I know of a place where if I take a deep breath through my nose, it is sharp and crisp and old. The air tastes crinkly. Old stories whisper around me, beckoning me to come closer. As I shed tears, the ground around me bleeds and I am in an ocean of my own musings. As I fume, the air becomes hot and red. As I listen to the music the air sings, every wall comes crashing down and the bleeding ocean at my feet parts way.

I am transported to this place. I can smell the mature, non-fiction reality of coffee. When I was little, I used to pick strawberries from the backyard and douse them with whipped cream. Now, I explore the world of bitterness where tastes don’t require me to mask them with vanilla and sugar.
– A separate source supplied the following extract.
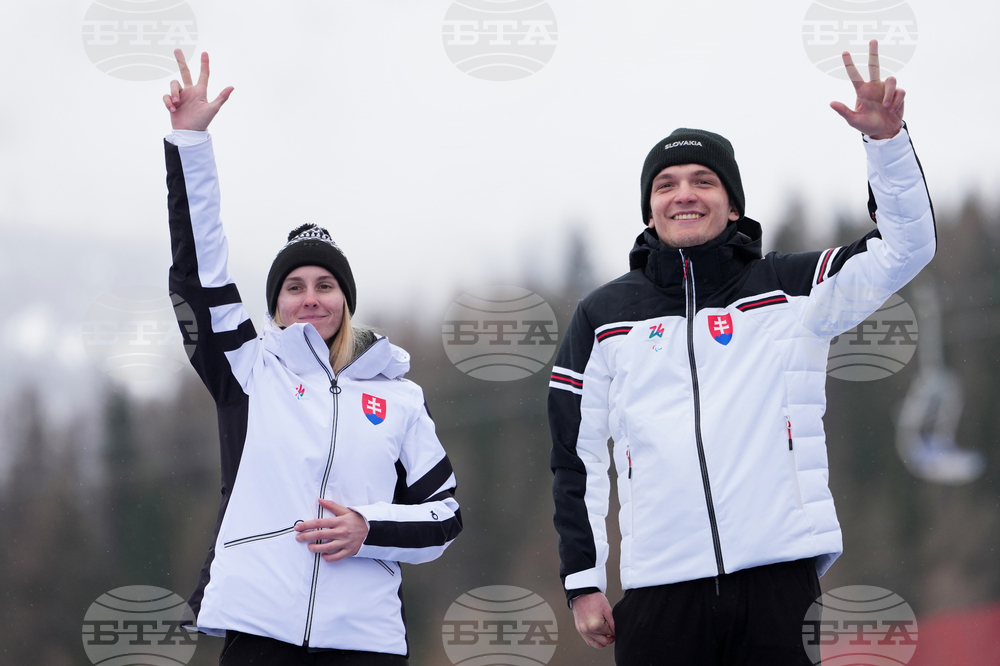 Milan Cortina Paralympics Alpine Skiing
The world of coffee grounds me. It forces me to plant myself within the soil of the world. It reminds me that there is no imagination without the understanding of reality around me. It tells me to be mature; I am old enough to leave coffee black, with milk and sugar just in my imagination. And it tells me to remember the Biography of Assata Shakur and the ignorance of the Bluest Eye that Pecola so desperately desires. It reminds me that I can show Nancy Drew the way to the Lilac Inn. But she won’t listen to me because I’m not white. I am Educated of my worth and of my privilege. The sky is grey and when I finally take solace in its melancholy flavor, the sun peeks through. Here Comes the Sun. This is the sun that tells me of my future — that the taste of coffee will linger. I can see my breath in the air and When Breath Becomes Air, I am reminded with fervor that life is too short to shy away from the people I love.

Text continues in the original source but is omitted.